PROBLEM REQUIREMENTS> Print the listing exactly as it stands, and skip any pictures in it.

SUPPLIED ENTRIES>

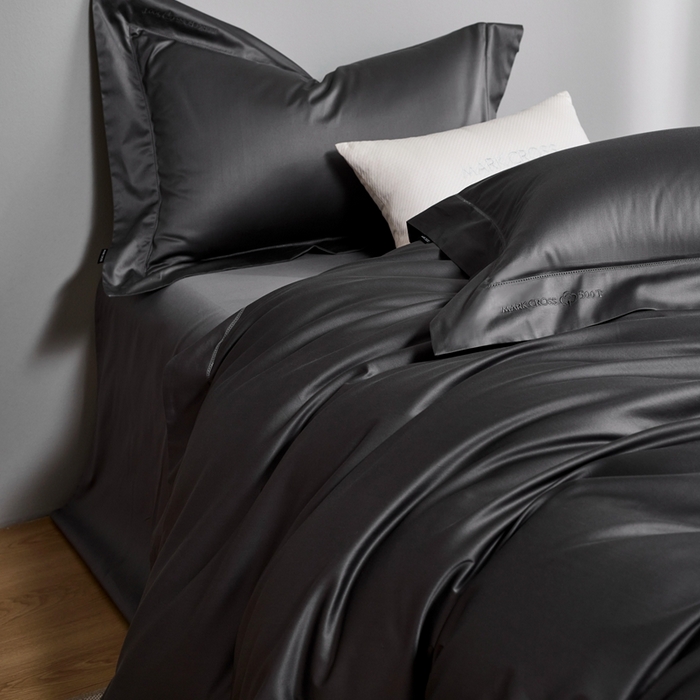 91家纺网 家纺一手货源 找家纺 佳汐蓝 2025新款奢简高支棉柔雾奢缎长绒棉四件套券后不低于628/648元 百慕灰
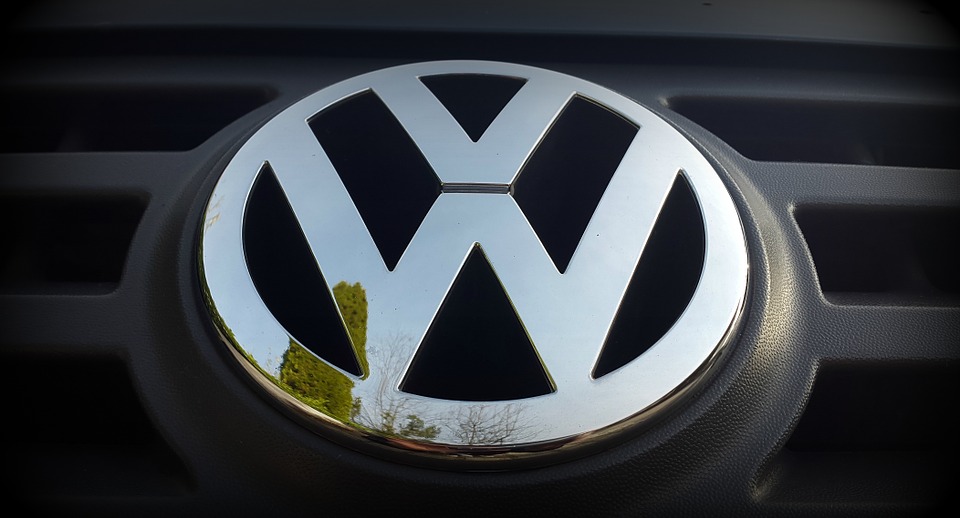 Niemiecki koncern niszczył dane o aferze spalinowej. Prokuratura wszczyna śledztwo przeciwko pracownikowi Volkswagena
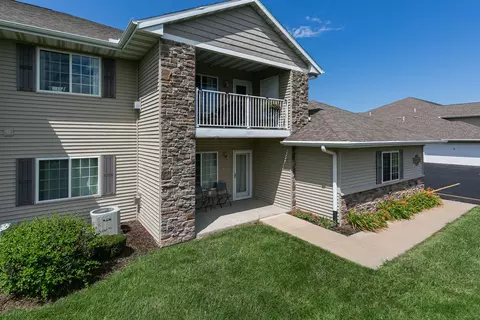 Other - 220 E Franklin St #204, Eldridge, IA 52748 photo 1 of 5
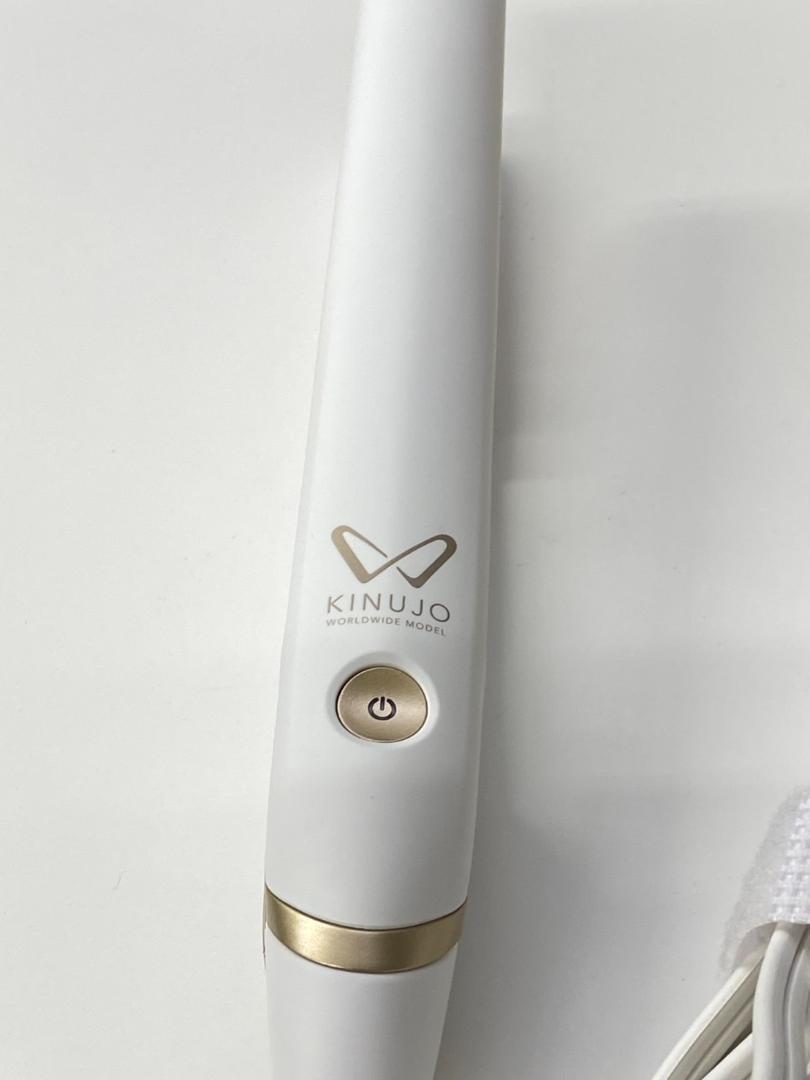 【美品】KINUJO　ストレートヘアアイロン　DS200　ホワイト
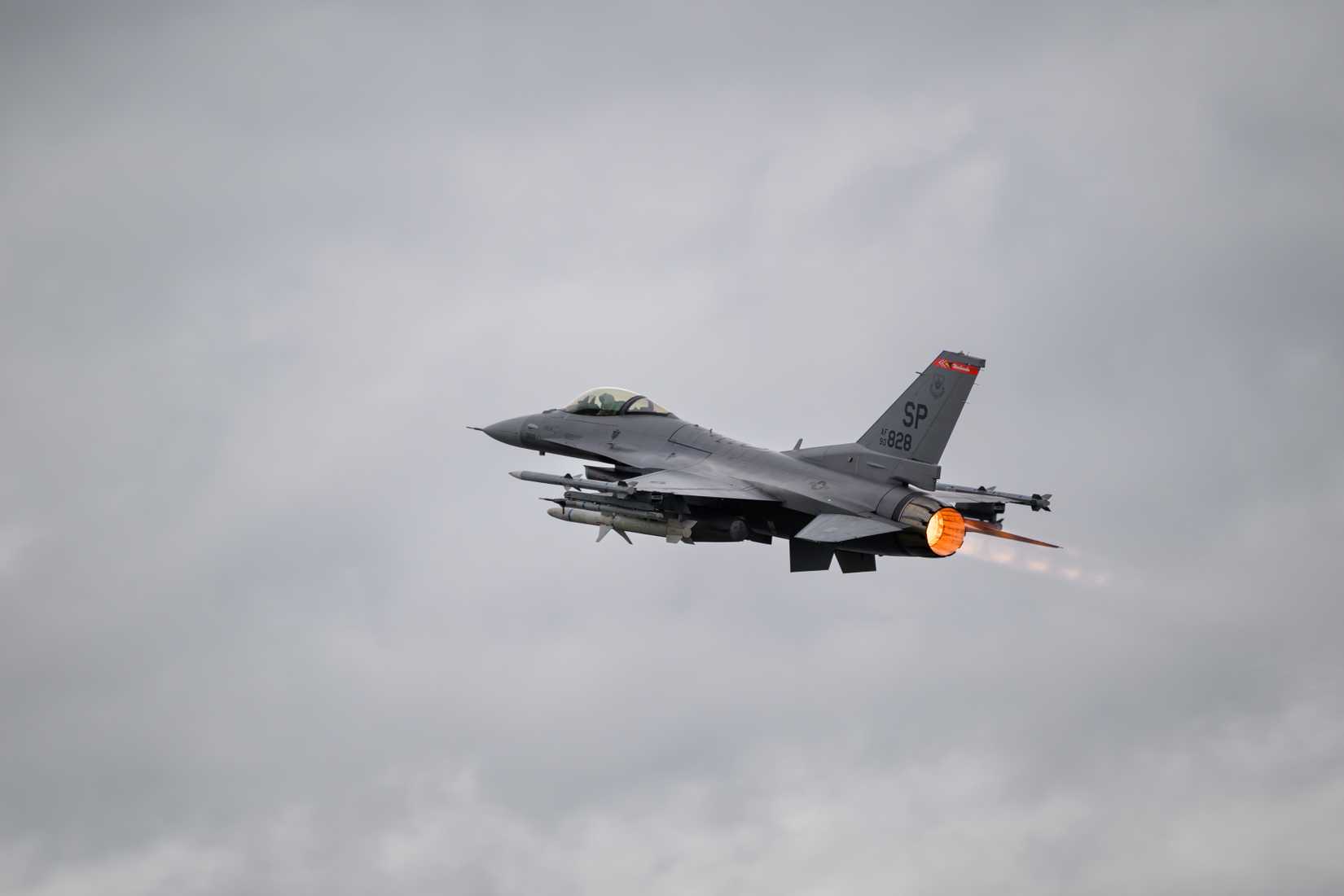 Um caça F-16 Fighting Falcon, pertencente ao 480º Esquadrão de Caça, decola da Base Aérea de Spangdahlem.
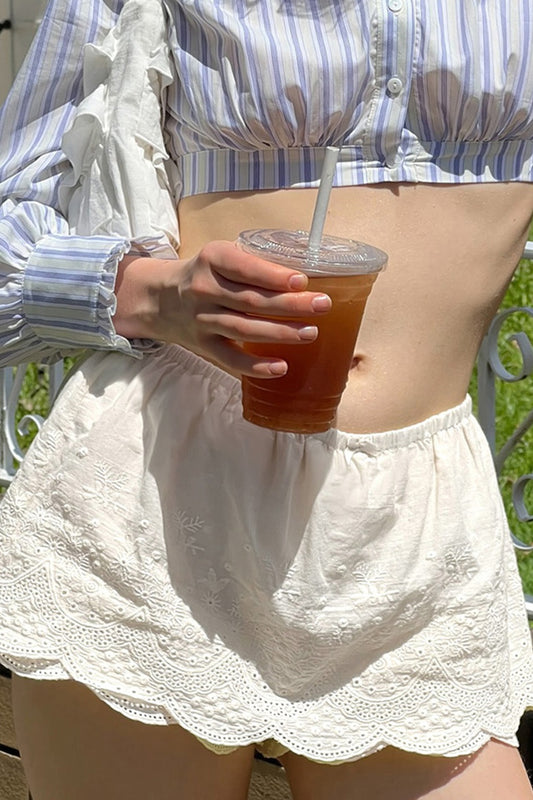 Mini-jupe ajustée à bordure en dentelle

WRITTEN SOLUTION>
 91家纺网 家纺一手货源 找家纺 佳汐蓝 2025新款奢简高支棉柔雾奢缎长绒棉四件套券后不低于628/648元 百慕灰
 Niemiecki koncern niszczył dane o aferze spalinowej. Prokuratura wszczyna śledztwo przeciwko pracownikowi Volkswagena
 Other - 220 E Franklin St #204, Eldridge, IA 52748 photo 1 of 5
 【美品】KINUJO　ストレートヘアアイロン　DS200　ホワイト
 Um caça F-16 Fighting Falcon, pertencente ao 480º Esquadrão de Caça, decola da Base Aérea de Spangdahlem.
 Mini-jupe ajustée à bordure en dentelle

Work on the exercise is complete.